For so long, I viewed sex as power. If I could get you to sleep with me, I had power over you. The hotter I was, the more sexually desireable I was, the more power I amassed over others and the more power I wielded in general. That was the game. And that made me feel good, valuable. It contributed to my self-image and worth.
And then I shaved my head. So many of the people I had power over sexually were no longer subdued by my conventional attractiveness. I lost a huge source of my power and began to feel in some ways, powerless. While I knew I was living my truth more than ever internally, the external validation that I had depended on for years had been rescinded. I had to redefine my worth as something independent of others’ perceptions of me and extricable from my appearance.
It was hard; it made me question how much of “who I was” was just a function of me thinking other people thought I was hot. When people saw me as sexually desireable (or more accurately, when I saw people seeing me as sexually desireable), I felt free to be rancorous, outspoken, and defiant. I found power in upsetting people’s perception of what a hot girl was; I was more than just hot, I was in some ways undefinable. I relished being perceived as sexually attractive, confident, and enigmatic and these characteristics reinforced one another.
My equation of sex with power is the result of history, a past trauma. When someone likes me romantically, I see an opportunity to shower myself with attention, adoration, and idealization by someone who thinks that everything I do is perfect. I create this expectation for myself. This person thinks I am the cat’s fucking pajamas and I do not want to disappoint them or resign to the fact that I’m not perfect. I’ll do the dance for them, woo them, charm them, while withholding myself from them so they can’t get a closer look at the cracks and imperfections. Sex is part of my power, my charm, the spell of sensuality that I cast. I hang it overhead like a treat ready to drop, creating constant tension & harnessing control over other peoples’ desires and emotions.
This is not the sex I want. One based in pleasure, power, and perfection. True intimacy is sharing your flaws with someone, of which I have many. Vulnerability is not voluntary, it is spontaneous & uncontrollable. Like when I was a ball of sweat & salmonella shitting my brains out in front of my Polish lover while he didn’t bat an eye. That was the first time I felt romantically vulnerable with anyone and to be met with unwavering kindness and compassion was the first time I felt real love.

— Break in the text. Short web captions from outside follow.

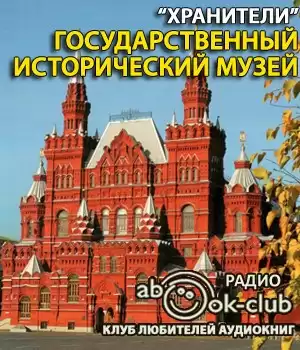 Государственный исторический музей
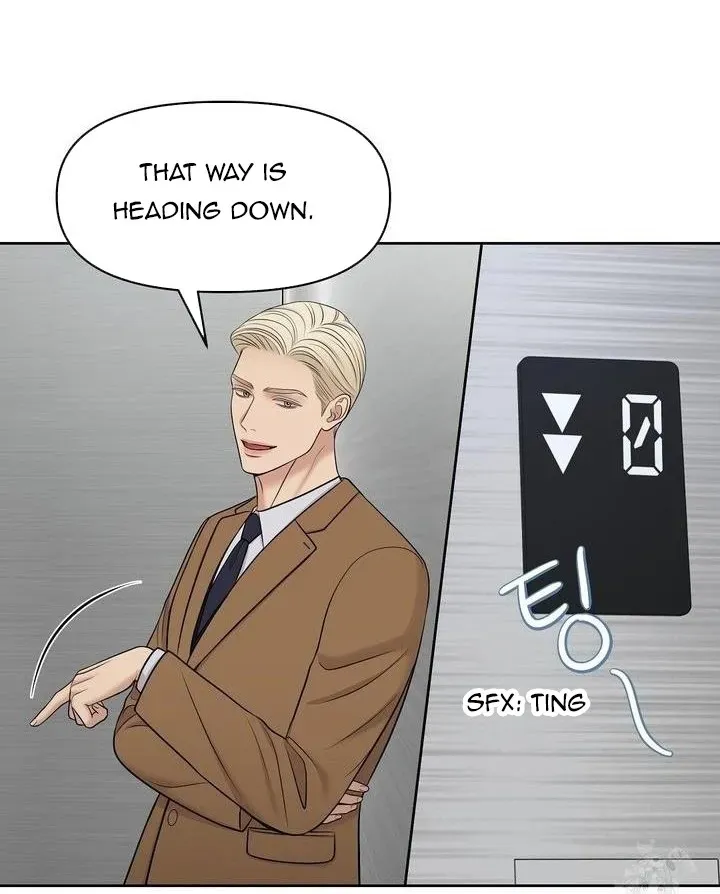 Oil on Canvas Chapter 11 page 82 - 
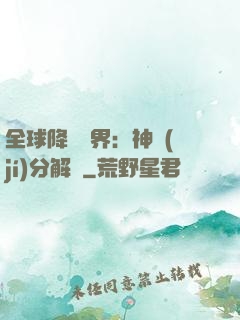 全球降臨異界：神級(jí)分解師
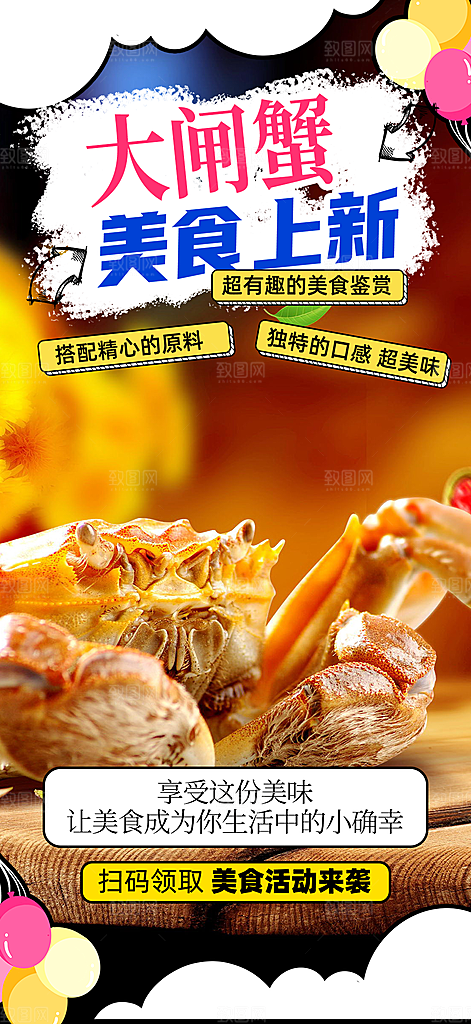 美食螃蟹大闸蟹美味促销海报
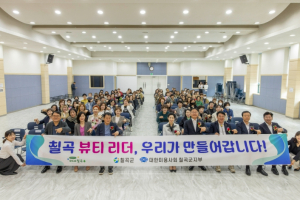 칠곡군, 2025년 미용업주 위생교육 및 정기총회 실시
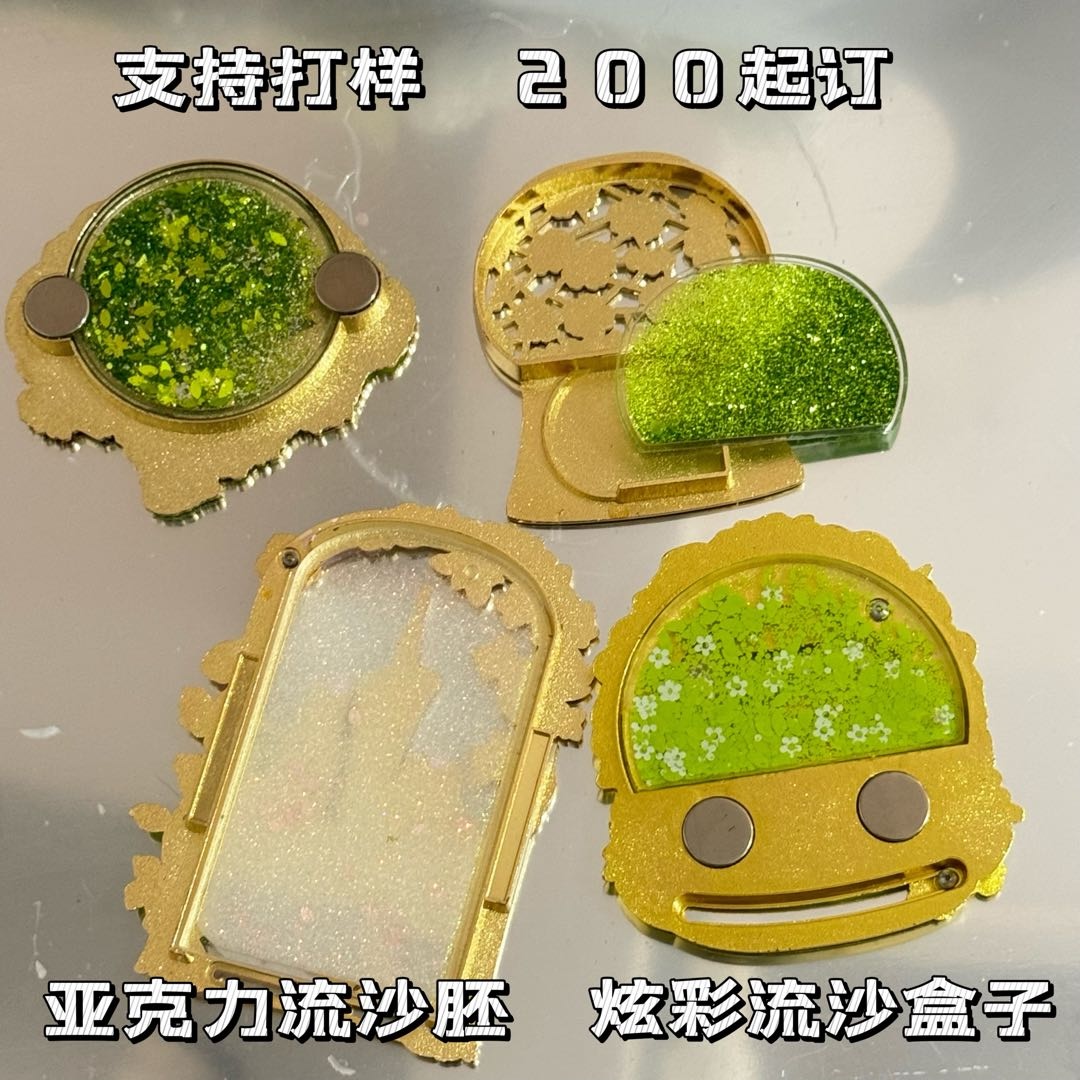 刘婕文品牌货源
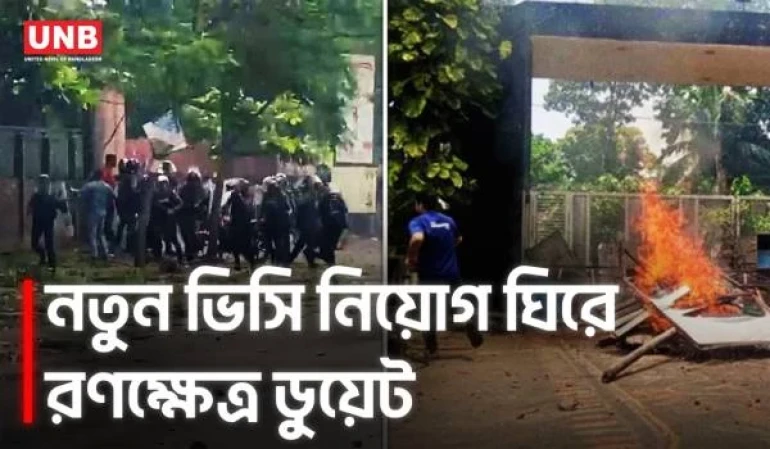 ডুয়েটে নতুন ভিসির যোগদান ঘিরে সং/ঘ/র্ষ, টিয়ার শেল নিক্ষেপে আ/হ/ত অন্তত ২৫ | DUET | Clash | UNB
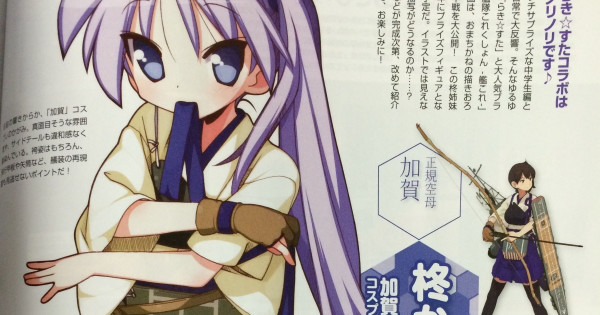 Lucky Star Girls Are Battle Ready In Kancolle Crossover Interest Anime News Network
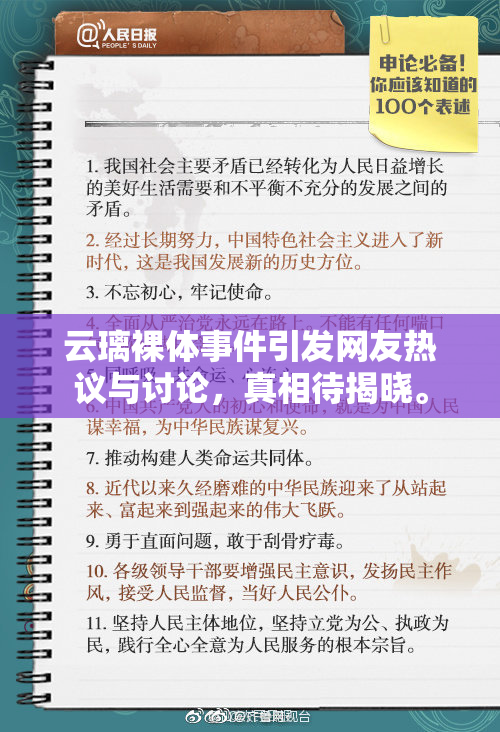 云璃裸体事件引发网友热议与讨论，真相待揭晓。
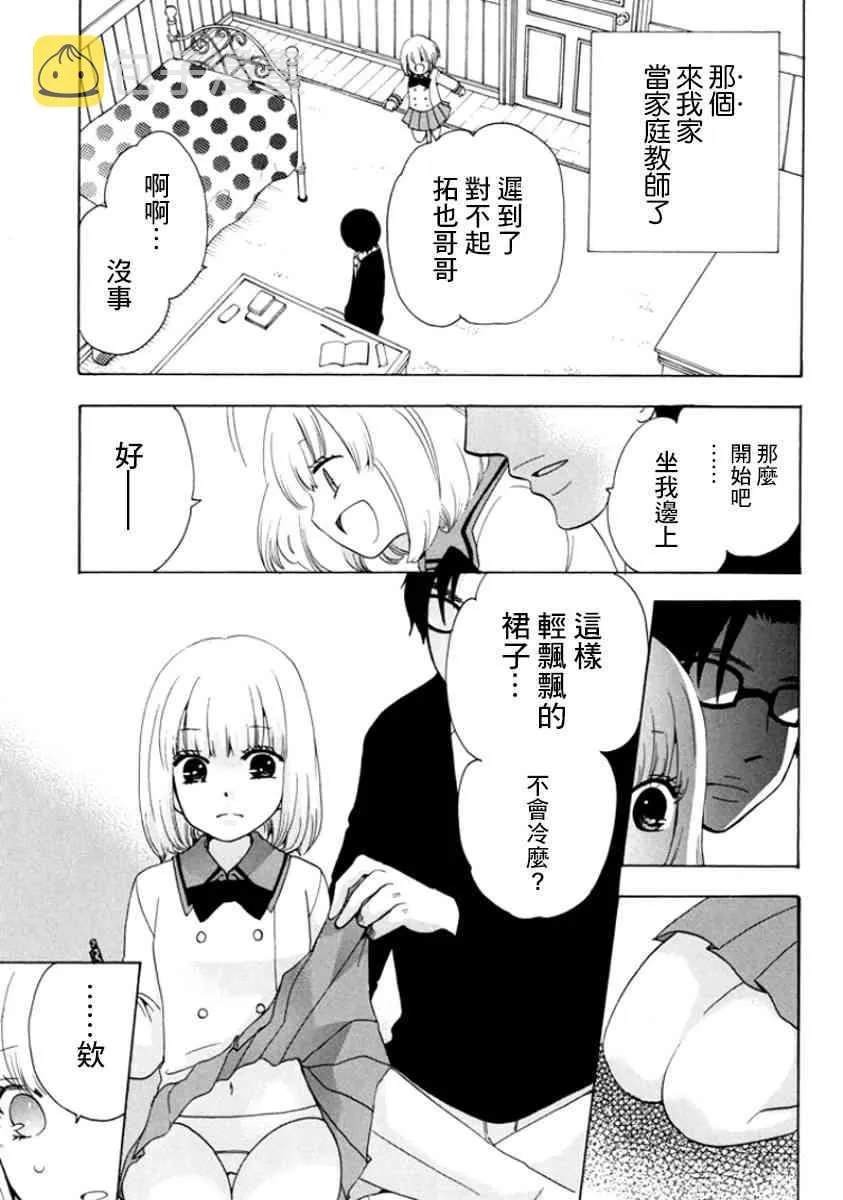 5话 第9页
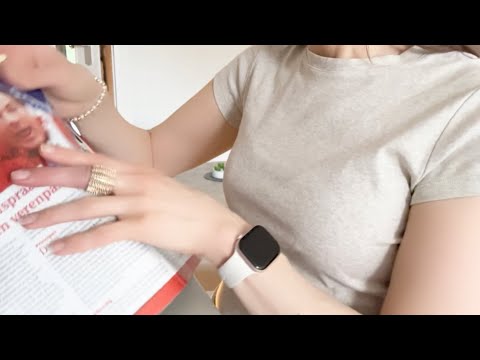 ASMR Page Turning Weekly Ads, Paper Squeezing, Flipping & Gripping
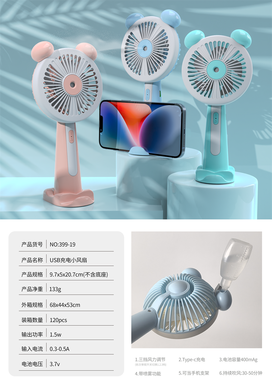 Three-gear spray cartoon fan (3 colors) charging fan electric fan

I just want to view people as people, extending that invitation of flawed humanity toward myself. I don’t want to reduce the intricacy and complexity of our being into the carnality of physical form or the fleeting whims of pleasure & power. I don’t want to see others as forms of gratification or exploitation because that is a reflection of how I see myself. I am learning to accept all parts of myself. I am beginning to realize that being human is being flawed and that sharing our shortcomings and welcoming them without fear is love.